- [INSTRUCTIONS TO FOLLOW] What you return should be the full listing, word for word, without a single image.

- [SUPPLIED INFORMATION]
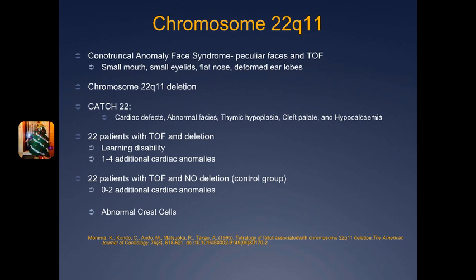In the control group without the deletion, it ranged from zero to two additional cardiac anomalies. Certain anomalies were associated only with patients that had the deletion of this chromosome, such as major aortopulmonary collateral artery, aberrant subclavian artery, isolation of the subclavian artery, and isolation of the pulmonary artery. These were not found at all in the group with no deletion of the chromosome.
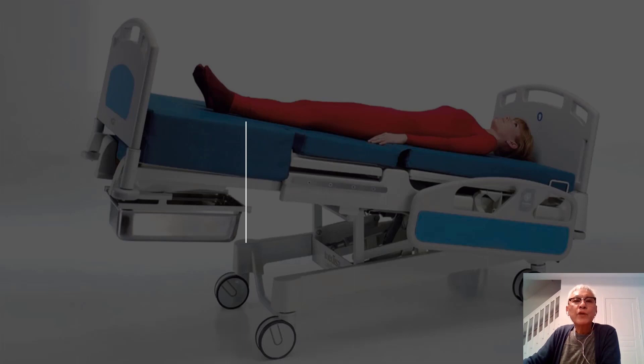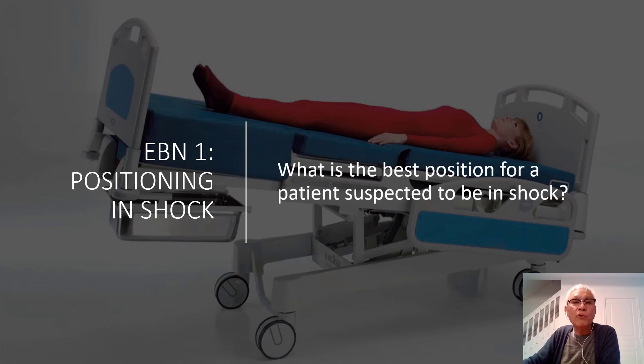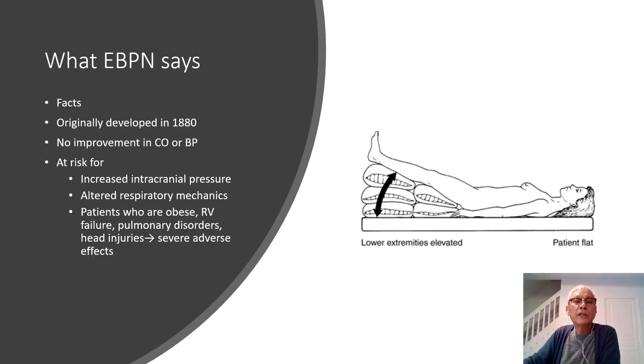Traditionally, we had positioned patients in shock in the Trendelenburg position, with the rationale that in shock, it is essential to maintain perfusion to the vital organs such as the brain and the heart. Trendelenburg positioning was originally developed in 1880, with the belief that placing patients with their head dependent increases circulation to the brain and heart during periods of shock or hypotension. In fact, this procedure is still widely practiced today.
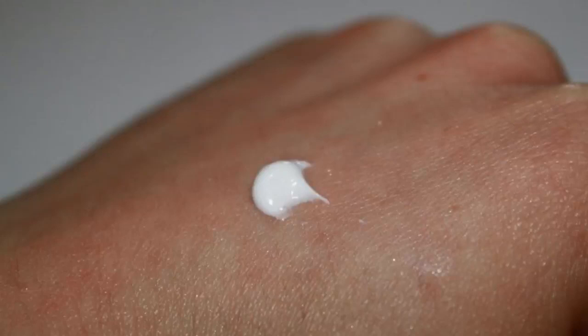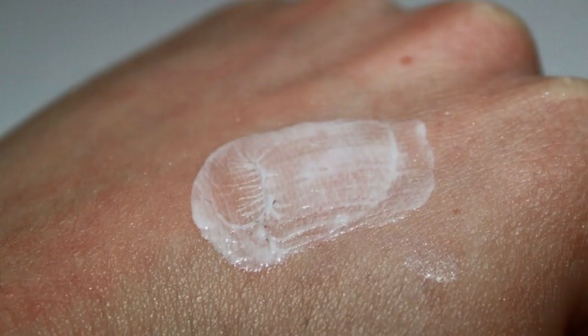What can Fucidic cream be used for? Fucidic acid is an antibiotic that helps to kill bacteria that cause infections, and betamethasone is a steroid that helps to reduce redness, itching, and inflammation.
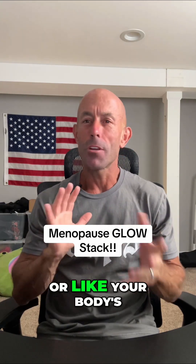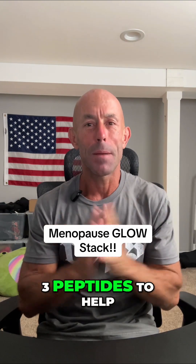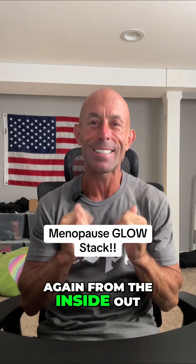If you're feeling drained, foggy, or like your body's working against you during menopause, here are the top three peptides to help you feel stronger, sharper, and more like yourself again from the inside out.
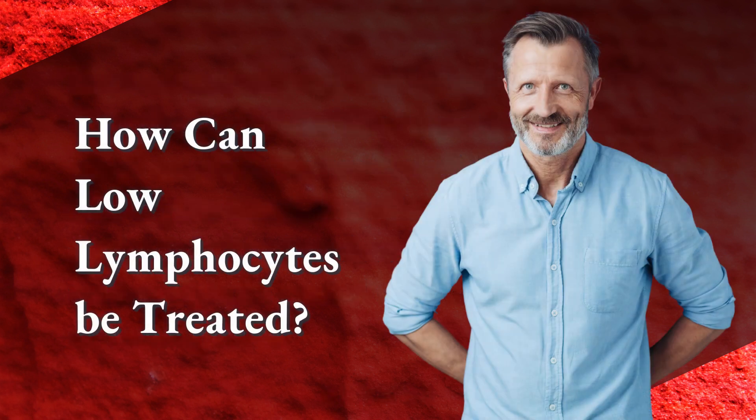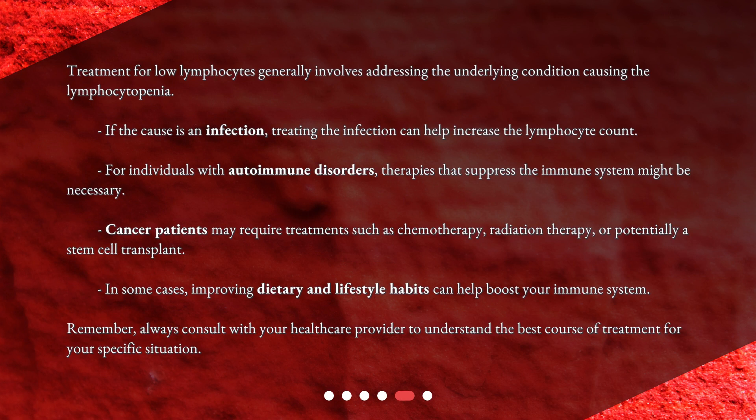How can low lymphocytes be treated? Treatment for low lymphocytes generally involves addressing the underlying condition causing the lymphocytopenia. If the cause is an infection, treating the infection can help increase the lymphocyte count. For individuals with autoimmune disorders, therapies that suppress the immune system might be necessary. Cancer patients may require treatments such as chemotherapy, radiation therapy, or potentially a stem cell transplant. In some cases, improving dietary and lifestyle habits can help boost your immune system. Remember, always consult with your healthcare provider to understand the best course of treatment for your specific situation.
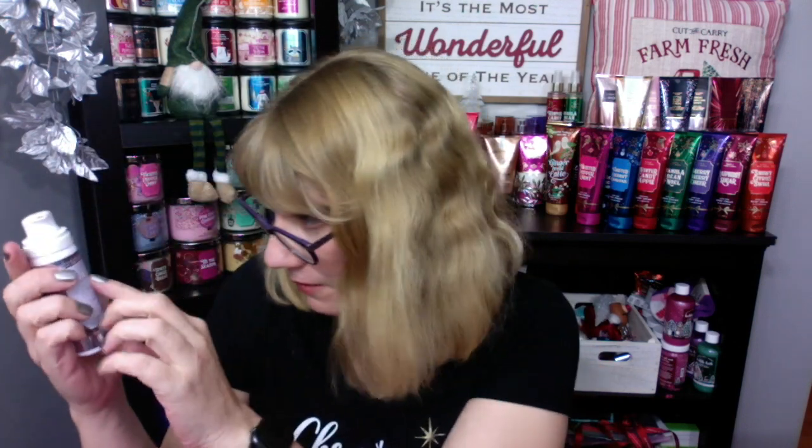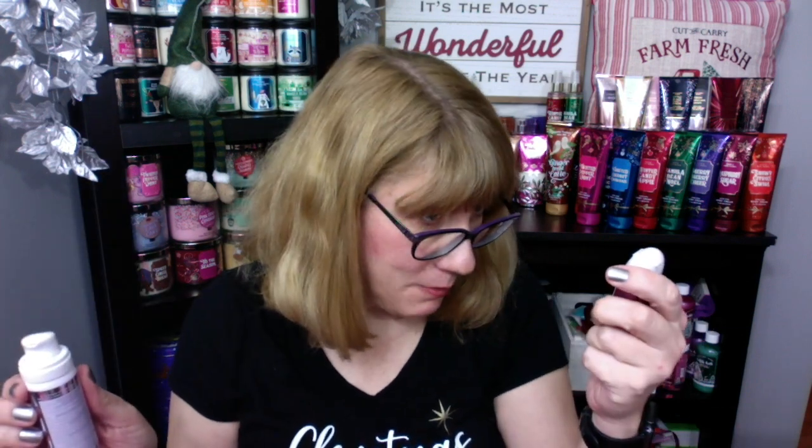This one smells amazing — it's twisted peppermint — but I like the foam better. So basically what you do is you take the lid off. These are 62% alcohol, and the pocket bags are 68% alcohol, so there's a little bit less alcohol in these. You kind of spray them down — you get a nice spray — and then you rub them into your hands and you get that nice antibacterial protection.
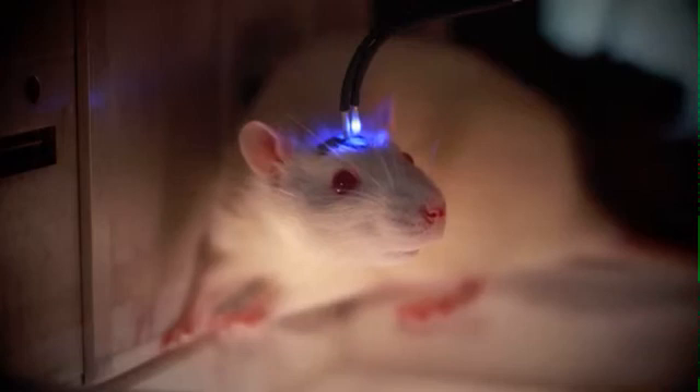Using an optical fiber that is painlessly implanted into the brain of a rat, we can then shine blue laser light onto the specific cells — in this case the central amygdala — and thereby stimulate those cells and make them fire in a precise and timely manner.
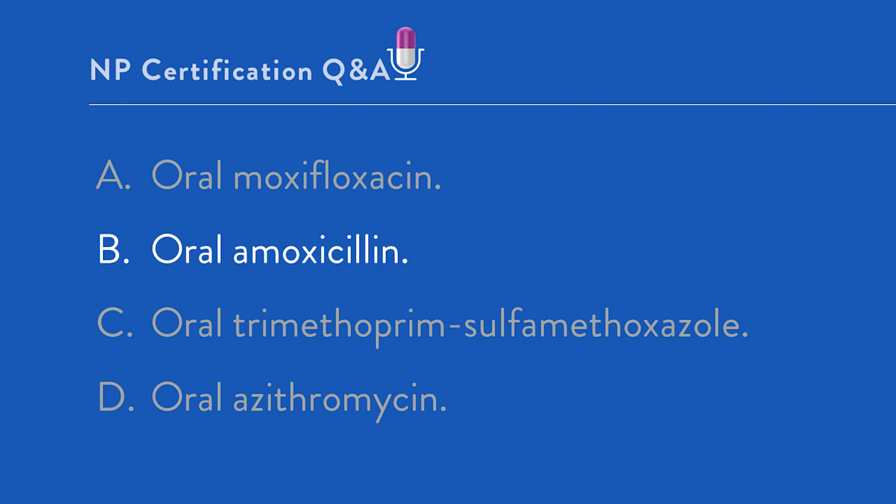Let's take a look at the rest of the options. C: Oral trimethoprim-sulfamethoxazole — brand name Bactrim. While this may have been a possibility 15 to 20 years ago, trimethoprim-sulfamethoxazole is no longer considered an acceptable choice of antimicrobial therapy in acute otitis media, and for that matter in acute bacterial rhinosinusitis, in any age group, because of the high rate of treatment failure with the three major causative organisms.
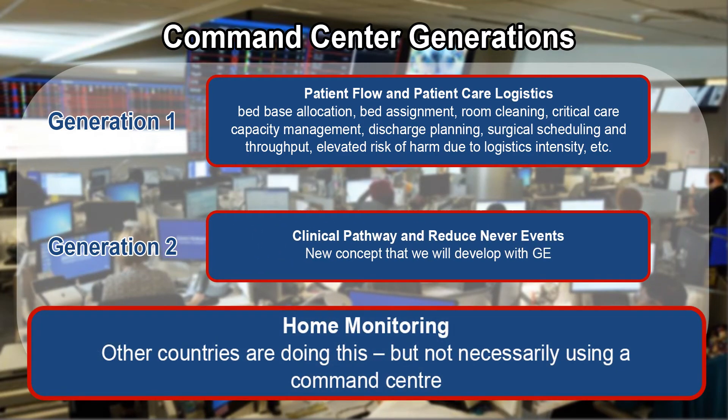The third and very exciting component is home monitoring. Increasingly, hospitals are wanting to discharge patients to their home where they are always more comfortable, but some of these patients require monitoring or assistance in managing their care at home. The command center provides an opportunity for us to link to that patient through wearable technology or perhaps a telephone call to them — some way of the hospital knowing that the patient is having a problem managing at home.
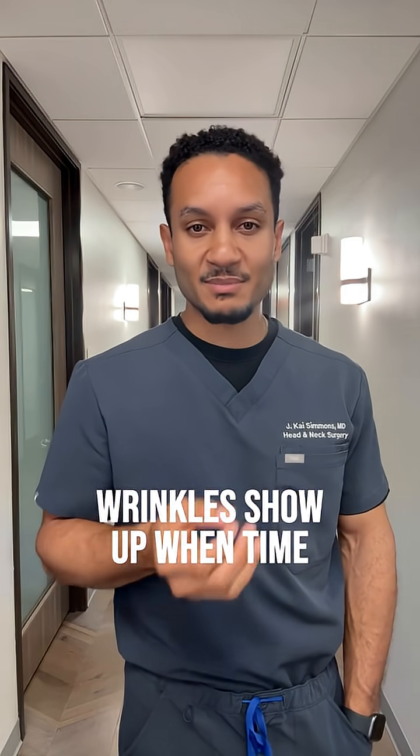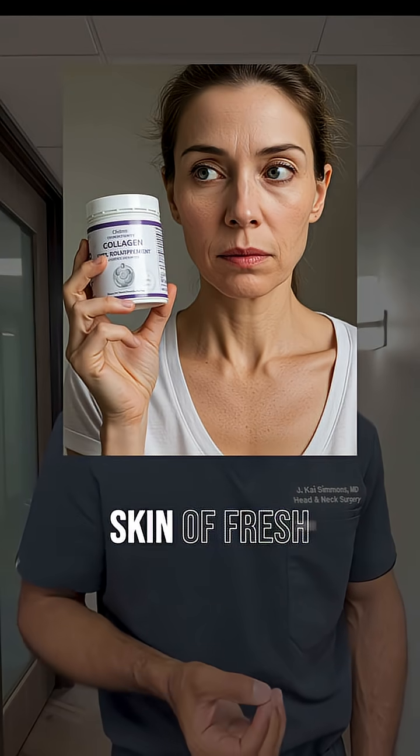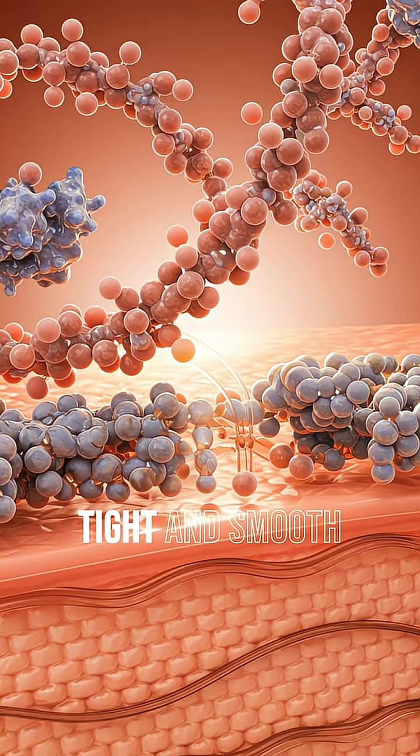Wrinkles show up when time, UV, and stress slow our fibroblast cells, starving our skin of fresh collagen and elastin — the scaffolding that keeps everything tight and smooth.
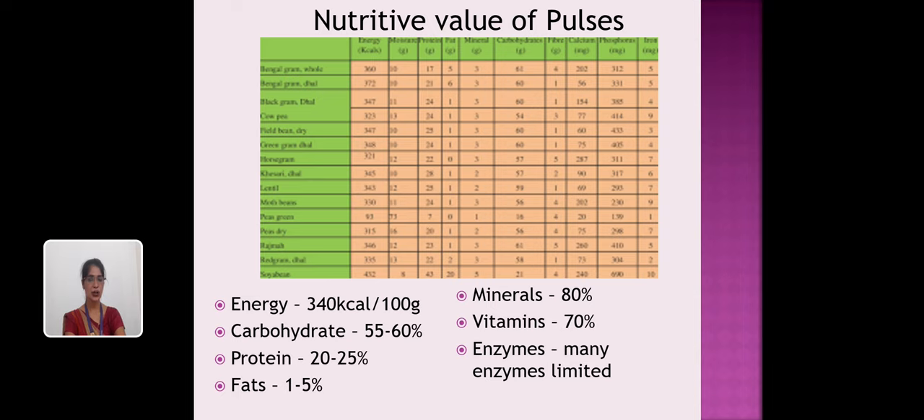This slide shows the nutritive value of pulses. Pulses are rich in protein, which is very essential for body building and for growing and building body tissues. They contain energy of 340 kilocalories per 100 grams, carbohydrate 55–60%, protein 20–25%, fat 1–5%, minerals 80%, vitamins 70%, and some limited enzymes.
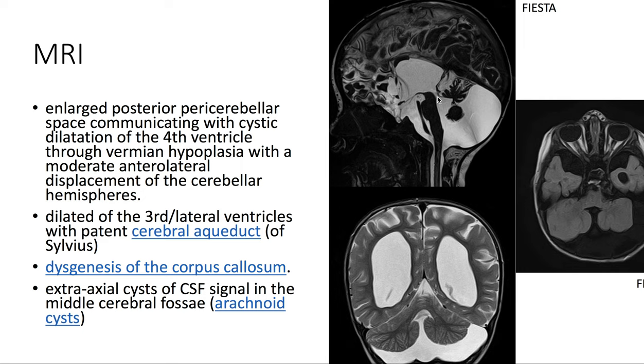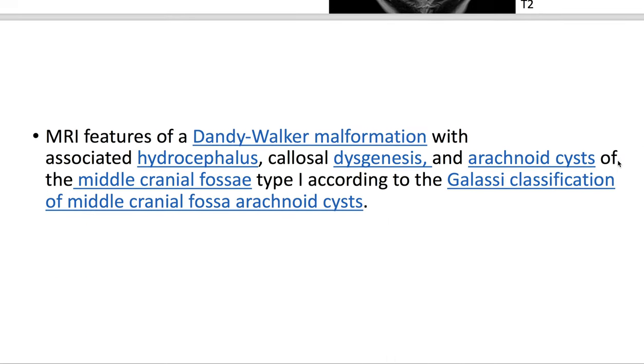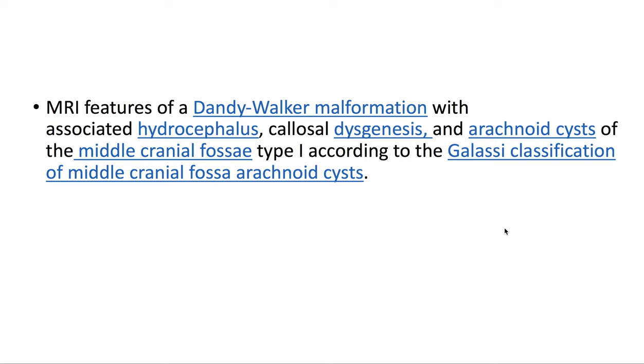There is dysgenesis of the corpus callosum and extra-axial cysts of CSF signal in the middle cerebral fossa. The MRI features are consistent with Dandy-Walker malformation with associated hydrocephalus, callosal dysgenesis, and arachnoid cysts of the middle cranial fossa — Type 1 according to the Galassi classification of middle cranial fossa arachnoid cysts.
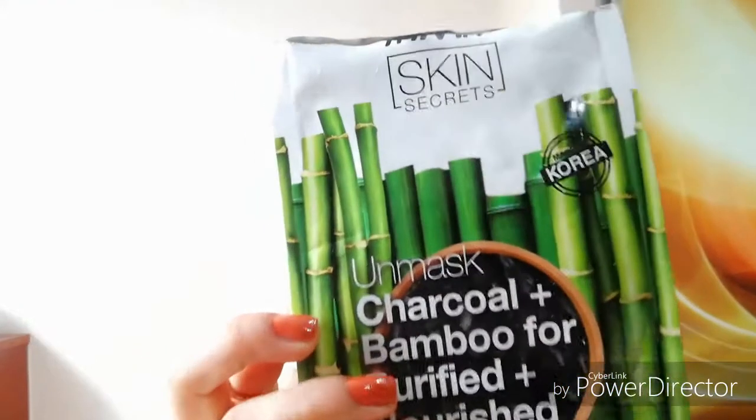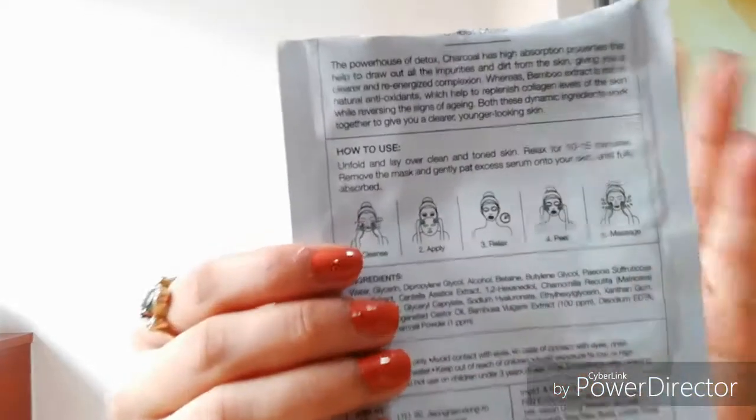This is the charcoal bamboo variant for purified and nourished skin. It says it is the powerhouse of detox — charcoal has high absorption properties and cleans all the gunk, impurities, and dirt from our skin. It also helps replenish collagen levels; collagen is a protein that keeps our skin supple, radiant, flexible, and elastic. The bamboo and charcoal together work to give clear, younger-looking skin. Instructions say: cleanse first, then apply, relax for 10-15 minutes, peel, massage, and rinse.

- [RESPONSE TO THIS TASK]
In the control group without the deletion, it ranged from zero to two additional cardiac anomalies. Certain anomalies were associated only with patients that had the deletion of this chromosome, such as major aortopulmonary collateral artery, aberrant subclavian artery, isolation of the subclavian artery, and isolation of the pulmonary artery. These were not found at all in the group with no deletion of the chromosome.
Traditionally, we had positioned patients in shock in the Trendelenburg position, with the rationale that in shock, it is essential to maintain perfusion to the vital organs such as the brain and the heart. Trendelenburg positioning was originally developed in 1880, with the belief that placing patients with their head dependent increases circulation to the brain and heart during periods of shock or hypotension. In fact, this procedure is still widely practiced today.
What can Fucidic cream be used for? Fucidic acid is an antibiotic that helps to kill bacteria that cause infections, and betamethasone is a steroid that helps to reduce redness, itching, and inflammation.
If you're feeling drained, foggy, or like your body's working against you during menopause, here are the top three peptides to help you feel stronger, sharper, and more like yourself again from the inside out.
How can low lymphocytes be treated? Treatment for low lymphocytes generally involves addressing the underlying condition causing the lymphocytopenia. If the cause is an infection, treating the infection can help increase the lymphocyte count. For individuals with autoimmune disorders, therapies that suppress the immune system might be necessary. Cancer patients may require treatments such as chemotherapy, radiation therapy, or potentially a stem cell transplant. In some cases, improving dietary and lifestyle habits can help boost your immune system. Remember, always consult with your healthcare provider to understand the best course of treatment for your specific situation.
This one smells amazing — it's twisted peppermint — but I like the foam better. So basically what you do is you take the lid off. These are 62% alcohol, and the pocket bags are 68% alcohol, so there's a little bit less alcohol in these. You kind of spray them down — you get a nice spray — and then you rub them into your hands and you get that nice antibacterial protection.
Using an optical fiber that is painlessly implanted into the brain of a rat, we can then shine blue laser light onto the specific cells — in this case the central amygdala — and thereby stimulate those cells and make them fire in a precise and timely manner.
Let's take a look at the rest of the options. C: Oral trimethoprim-sulfamethoxazole — brand name Bactrim. While this may have been a possibility 15 to 20 years ago, trimethoprim-sulfamethoxazole is no longer considered an acceptable choice of antimicrobial therapy in acute otitis media, and for that matter in acute bacterial rhinosinusitis, in any age group, because of the high rate of treatment failure with the three major causative organisms.
The third and very exciting component is home monitoring. Increasingly, hospitals are wanting to discharge patients to their home where they are always more comfortable, but some of these patients require monitoring or assistance in managing their care at home. The command center provides an opportunity for us to link to that patient through wearable technology or perhaps a telephone call to them — some way of the hospital knowing that the patient is having a problem managing at home.
Wrinkles show up when time, UV, and stress slow our fibroblast cells, starving our skin of fresh collagen and elastin — the scaffolding that keeps everything tight and smooth.
This slide shows the nutritive value of pulses. Pulses are rich in protein, which is very essential for body building and for growing and building body tissues. They contain energy of 340 kilocalories per 100 grams, carbohydrate 55–60%, protein 20–25%, fat 1–5%, minerals 80%, vitamins 70%, and some limited enzymes.
There is dysgenesis of the corpus callosum and extra-axial cysts of CSF signal in the middle cerebral fossa. The MRI features are consistent with Dandy-Walker malformation with associated hydrocephalus, callosal dysgenesis, and arachnoid cysts of the middle cranial fossa — Type 1 according to the Galassi classification of middle cranial fossa arachnoid cysts.
This is the charcoal bamboo variant for purified and nourished skin. It says it is the powerhouse of detox — charcoal has high absorption properties and cleans all the gunk, impurities, and dirt from our skin. It also helps replenish collagen levels; collagen is a protein that keeps our skin supple, radiant, flexible, and elastic. The bamboo and charcoal together work to give clear, younger-looking skin. Instructions say: cleanse first, then apply, relax for 10-15 minutes, peel, massage, and rinse.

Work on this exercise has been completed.